DATASET CONTENT
^^^^^^^^
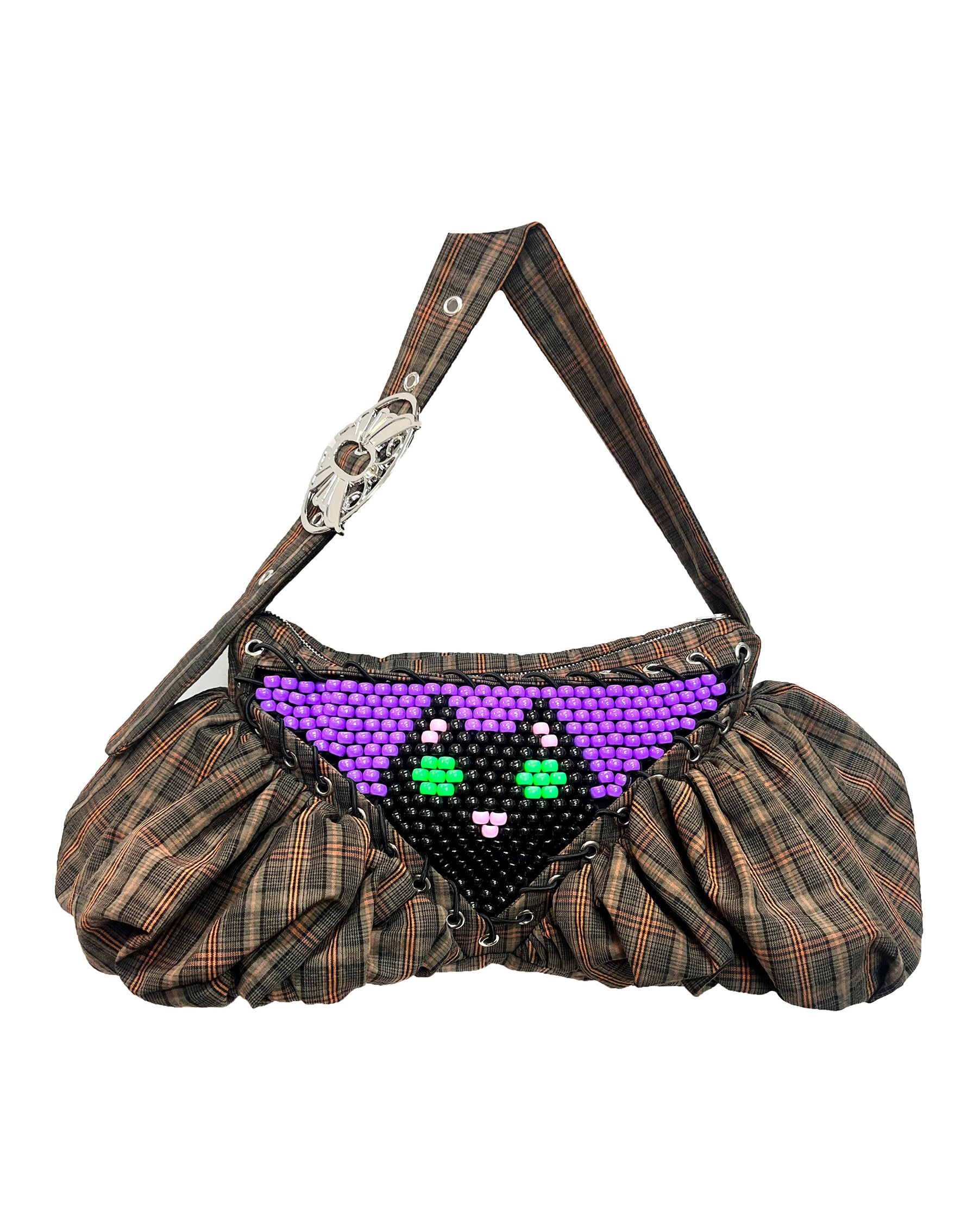 Camille Beaded Bag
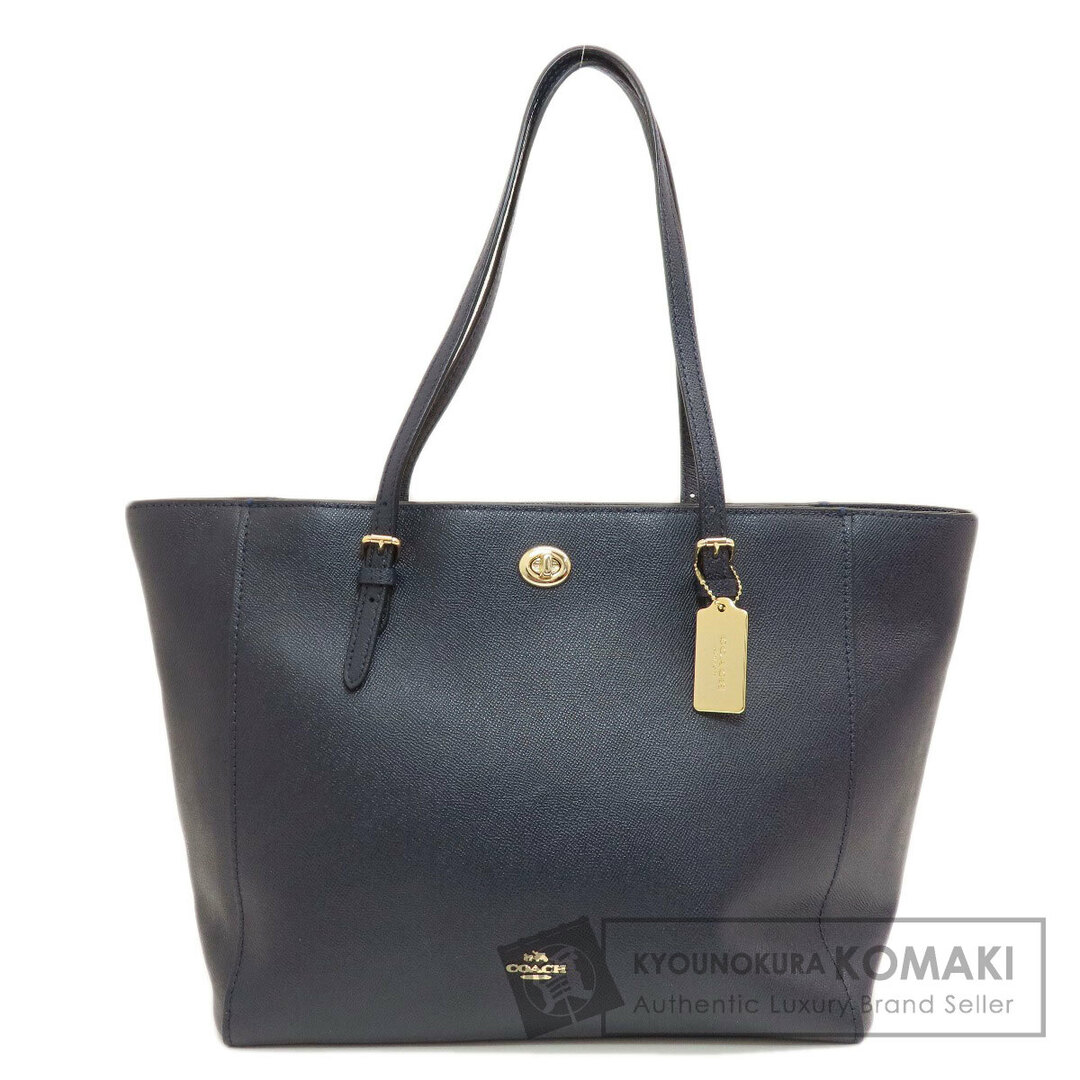 COACH(コーチ)のCOACH 57443 ロゴ トートバッグ レザー レディース レディースのバッグ(トートバッグ)の商品写真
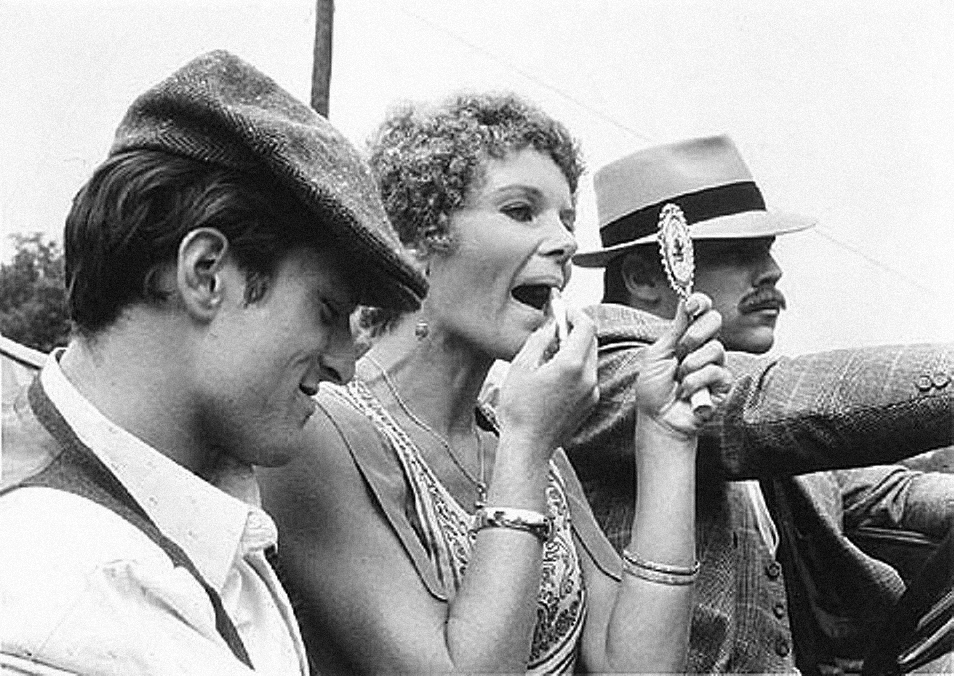 Кровавая мама (1970)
^^^^^^^^
Produce an exact copy of the lines from the line containing "COACH(コーチ)のCOACH 57443 ロゴ" to the end of the material, both ends included, and omit every picture.

 COACH(コーチ)のCOACH 57443 ロゴ トートバッグ レザー レディース レディースのバッグ(トートバッグ)の商品写真
 Кровавая мама (1970)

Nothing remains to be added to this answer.